XXXVIII

Clara Barton’s dress was so simple that no one tried to follow her fashion. Alice Hubbard.

For personal adornment Clara Barton cared little, choosing green dresses in her youth; and ornaments of bright red, for cheer, in her older years. Corra Bacon-Foster, Author.

Dress changes manners. Voltaire.

Eat to please thyself, but dress to please others. Franklin.

Ridiculous modes, invented by ignorance, and adopted by folly.

Smollett.

To live to dress well indicates a fool. Dr. A. E. Winship.

The plainer the dress with greater luster does beauty appear.

Lord Fairfax.

Beauty, like truth, never is so glorious as when it goes plainest.

Sterne.

Those who think that, in order to dress well, it is necessary to dress extravagantly, make a great mistake.
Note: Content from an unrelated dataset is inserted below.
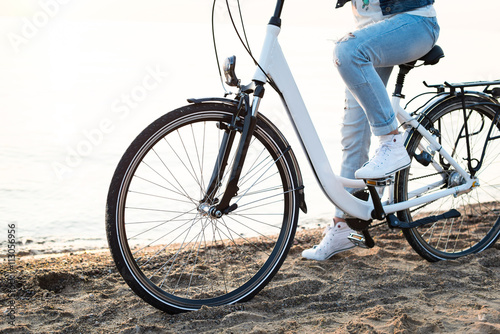 Young girl riding a bike at the seaside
Nothing so well becomes feminine beauty as simplicity. George D. Prentice.

A plain, genteel dress is more admired and obtains more credit than lace and embroidery, in the eyes of the judicious and sensible.

George Washington.

Elizabeth, who died the happy owner of 3,000 dresses, issued a solemn proclamation against extravagance in dress.

George William Curtis.

loveliness

Needs not foreign aid of ornament,

But is, when unadorned, adorned most.

Thomson—Autumn.

We sacrifice to dress till household joys and comforts cease. Dress drains our cellar dry and keeps our larder lean. Cowper.

The dress that shows taste and sentiment is elevating to the home, and is one of the most feminine means of beautifying the world.

Miss Oakey.

A lady of genius will give a genteel air to her whole dress by a well fancied suit of knots, as a judicious writer gives to a whole sentence by a single expression. Gay.

A rich dress is not worth a straw to one who has a poor mind.

Az Zubaidi.

’Tis the mind that makes the body rich. Shakespeare.

I wear what I want to. Clara Barton.